The church has long taught that Jesus declaration in Mark 7:18-19 ("Don't you see that nothing that enters a man from the outside can make him 'unclean'? For it doesn't go into his heart but into his stomach, and then out of his body.") along with Peter's dream in Acts 10:10, removed the dietary laws.

While we may be wrong in accepting this view, it is not our view alone, nor a new interpretation, but the interpretation of men and women who literally lived and died studying the Bible.

Jack said...

#3 Considering she could not thereafter be sold as a slave, it was probably better.

Jack said...

#4-------
Possibly the worse translation I have ever seen. First, the dependent and independent clauses have switched places; then the "if" is replaced by "since," completely changing the meaning.

Now, just previously, in verse 8, Paul says that meat is OK. His concern here is that, seeing one eat meat, a brother might wrongly conclude that eating meat that had been offered to idols was also OK to eat.

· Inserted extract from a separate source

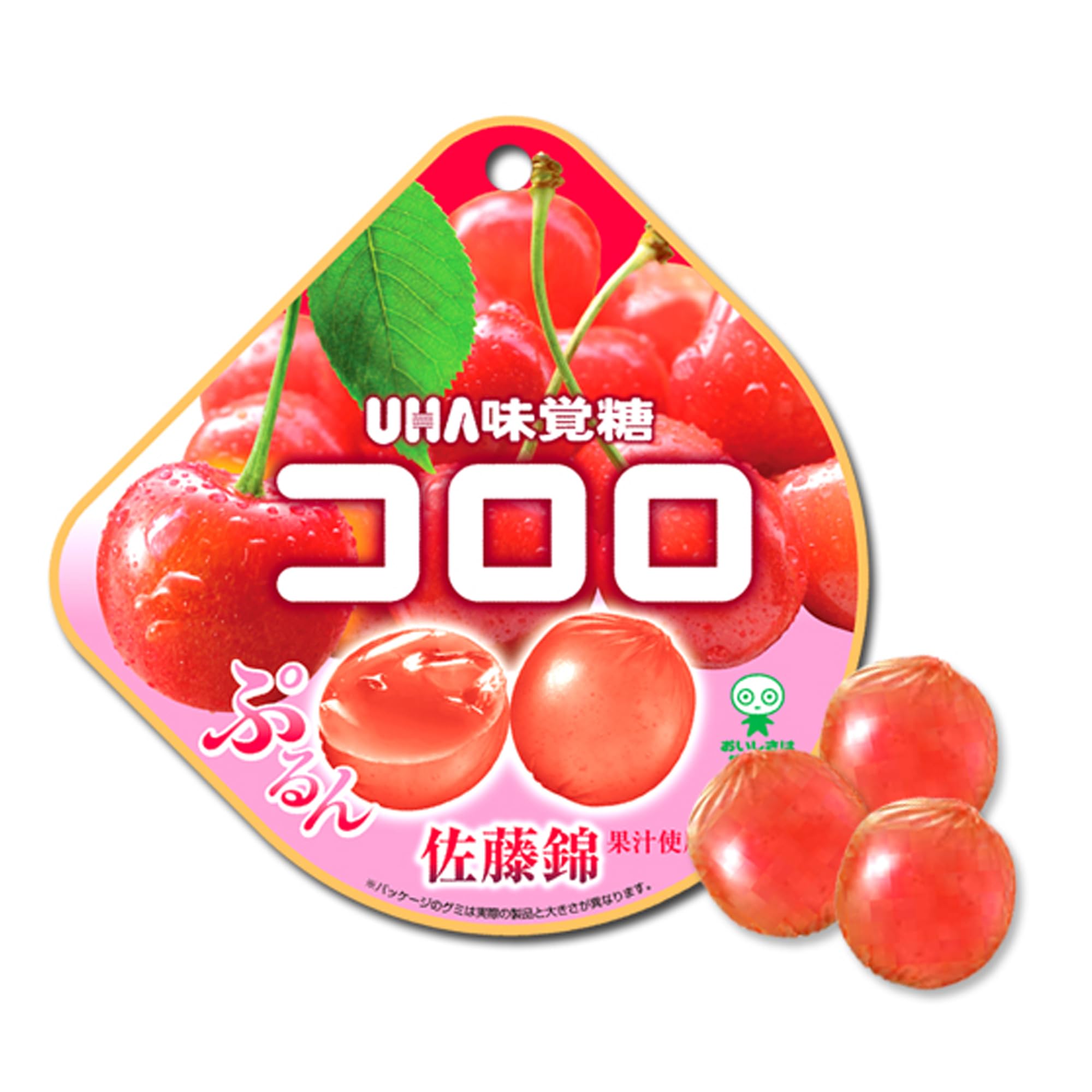 Amazon | UHA味覚糖 コロロ 佐藤錦 40g×6袋 | UHA味覚糖 | グミ 通販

It is for this verse, however, that I do not eat unkosher food in the presence of my Jewish friends who do not, nor do I eat meat in the presence of my vegetarian friends.

Jack said...

#5 -------------
As the disciples rightly point out, we cannot save ourselves. As Jesus said, God can do that impossible thing. What does he ask?

"If ye love me, keep my commandments." (John 14:15)

Ellen Clair Lamb said...

Chip, you can read Aramaic? I'm impressed.

Jack said...

The New Testament was written in Greek, not Aramaic.

Ellen Clair Lamb said...

Sorry, my mistake -- I should have remembered that. Wow, Chip, you read ancient Greek? I'm impressed.

Jack said...

A little. It amused me no end that our motto was in Greek, but Greek was not taught. So I picked up a book and started learning. It's not as though I'm trying to speak it or understand the spoken word.

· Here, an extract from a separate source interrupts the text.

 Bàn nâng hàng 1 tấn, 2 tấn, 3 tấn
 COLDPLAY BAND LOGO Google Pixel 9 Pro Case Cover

Aside from the Latin and German from H.S., I've also dabbled in Russian and Welsh (a truly fascinating language), Greek, and (most recently) Japanese.

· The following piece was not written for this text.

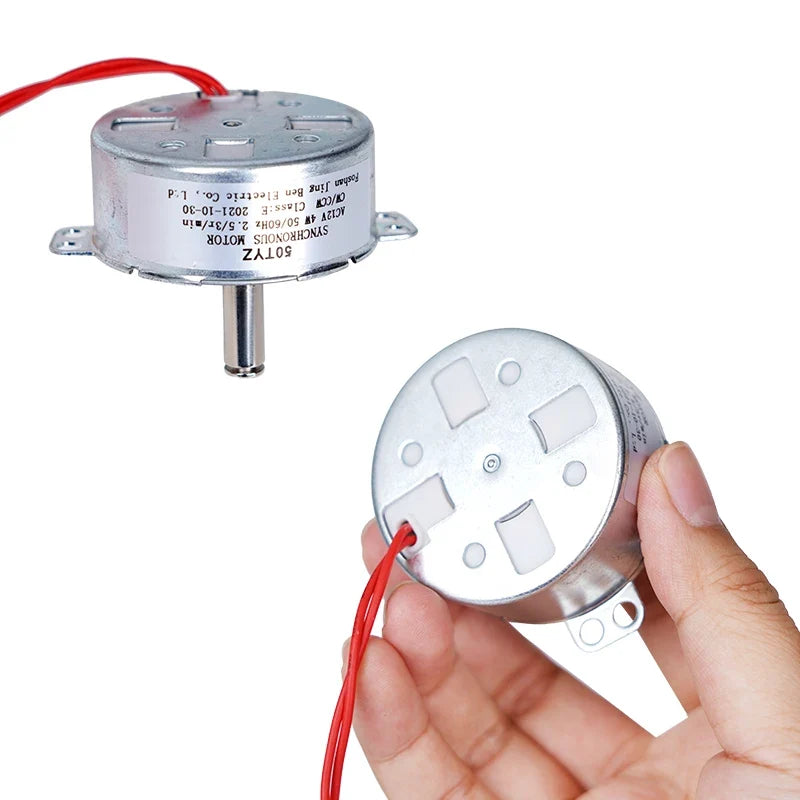 110V/220V/AC12V Egg Turning Motor 50HZ - MyPetDollar.com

I absolutely love languages!

Unknown said...

It amazes me that people can accept the big bang theory yet have people ever wondered where the rest of the universe came from? I believe somone made it along with earth. I AM a CHRISTIAN and there are things i wonder about, but the fact remains that there are things that only a higher power can do, I have seen it and it never stops amazing me!

Ellen Clair Lamb said...

I do not allow anonymous comments on this blog, and not on this post of all posts. I welcome polite discussion and feedback, but my name is on this, and I ask that yours be as well.

Teddy said...

Thank you for this. I literally just posted something very similar. I'm glad there are people who aren't completely stubborn out there.